In Bangladesch lassen deutsche Reedereien Schiffe verschrotten. Diese werden dort meist direkt am Strand zerlegt – ohne Schutzkleidung und die Abscheidung von Gefahrenstoffen. Die Folge sind gefährliche Unfälle und die Vergiftung des Meeres mit Schwerölen und Asbest. Verantwortung für die Umweltschäden übernehmen die Reedereien nicht.

Das dritte Fallbeispiel beschreibt den peruanischen Kupferbergbau, der seit Jahren schwere Schädigungen von Mensch und Umwelt verursacht. Neben den gesundheitlichen Belastungen verletzt der Bergbau zudem oft auch durch Zwangsumsiedelungen und Einschränkung der Demonstrations- oder der Pressefreiheit die Menschenrechte.

Die Politik in der Pflicht für mehr Nachhaltigkeit

Die Studie kommt zu dem Schluss, dass die Politik hier eingreifen muss. Verbindliche gesetzliche Regelungen statt freiwilliger Vereinbarungen sind vonnöten, um für die Unternehmen Wettbewerbsgleichheit zu schaffen. Nationale oder europäische Gesetze für mehr Umweltschutz und Menschenrechte können dabei verbesserte globale Standards nach sich ziehen.

Menschenrechtliche Sorgfaltspflicht muss in allen Sektoren und entlang der gesamten Wertschöpfungskette gelten. Um dies zu erreichen, müssen die Unternehmen dazu verpflichtet werden, Risikoanalyse und -management zu betreiben. Dies schafft die benötigte Transparenz und ist von behördlicher Seite zu kontrollieren. Zudem müssen Betroffene Zugang zur gerichtlichen Durchsetzung ihrer Schadensersatzforderungen bekommen – auch vor deutschen Gerichten.

Das Beispiel Frankreich zeigt, dass es möglich ist, Unternehmen zu menschenrechtlicher Sorgfalt zu verpflichten. Seit 2017 müssen größere Firmen für ihre gesamte Lieferkette Risiken für Mensch und Umwelt identifizieren und ihnen vorbeugen. Bei Verstößen drohen empfindliche Bußgelder.

Working Paper „Umweltschutz wahrt Menschenrechte! Deutsche Unternehmen in der globalen Verantwortung“ des Öko-Instituts

Kurzfassung „Umweltschutz wahrt Menschenrechte! Unternehmen und Politik in der Verantwortung“ des Öko-Instituts

Projekt: Das Bündnis für nachhaltige Textilien: ambitioniert und transparent?
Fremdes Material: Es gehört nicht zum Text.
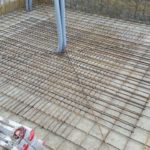 Cantiere "Orsara di Puglia"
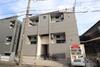 Ｋレジデンス名駅 2階 築10年7ヶ月の賃貸物件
Es gibt sie, die nachhaltiger hergestellten Textilien. Sie tragen Label wie das Fairtrade-Siegel von Transfair e.V. oder den Global Organic Textile Standard (GOTS). Aber nicht erst durch den Einsturz der Bekleidungsfabrik Rana Plaza 2013 in Bangladesch ist wieder einmal deutlich geworden, dass menschenrechtswidrige Arbeitsbedingungen im Textilsektor nach wir vor gang und gäbe sind. Doch wurde erst danach dringlicher Handlungsbedarf erkannt.

In Deutschland initiierte Entwicklungsminister Gerhard Müller 2014 das Bündnis für nachhaltige Textilien, das mit freiwilligen Mindeststandards für eine faire und nachhaltige Textilproduktion sorgen sollte. Die zivilgesellschaftlichen Partner des Bündnisses haben das Öko-Institut beauftragt, zu überprüfen, ob die Ziele erreicht werden und wo Nachbesserungsbedarf besteht.
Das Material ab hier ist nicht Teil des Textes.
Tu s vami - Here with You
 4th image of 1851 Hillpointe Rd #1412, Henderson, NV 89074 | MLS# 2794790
Konkretere Ziele, mehr Transparenz

Grundsätzlich begrüßt das Institut die Verabschiedung solcher verbindlicher Ziele im Textilbündnis. Hinsichtlich der Ausgestaltung der Ziele sieht das Forschungsteam des Öko-Instituts aber noch Verbesserungsmöglichkeiten. Die Kriterien sind nicht konkret genug und lassen zu viel Spielraum bei der Ausgestaltung und Umsetzung von Maßnahmen. Auch an der Transparenz mangelt es noch.

Für die tiefere Lieferkette, direkt bei den Produzenten, wird ein Beschwerdemechanismus empfohlen. Dieser würde ermöglichen, dass sich der Baumwollbauer in Indien oder die Näherin in Bangladesch bei Missständen direkt an das deutsche Textilunternehmen wenden kann.

Ambitionierte Unternehmen würdigen, Mindestanforderungen durchsetzen

Als ein Manko identifizierten die Wissenschaftlerinnen und Wissenschaftler die Freiwilligkeit des Bündnisses. Zielführender wären verbindliche Regelungen für die gesamte Textilindustrie. Um aber im aktuell bestehenden Rahmen Fortschritte zu erreichen, ist es wichtig, die Unternehmen zu würdigen, die jetzt schon ambitioniert an mehr Nachhaltigkeit arbeiten. So können andere Firmen sehen, dass es durchaus möglich ist, die ökologischen und sozialen Bedingungen zu verbessern.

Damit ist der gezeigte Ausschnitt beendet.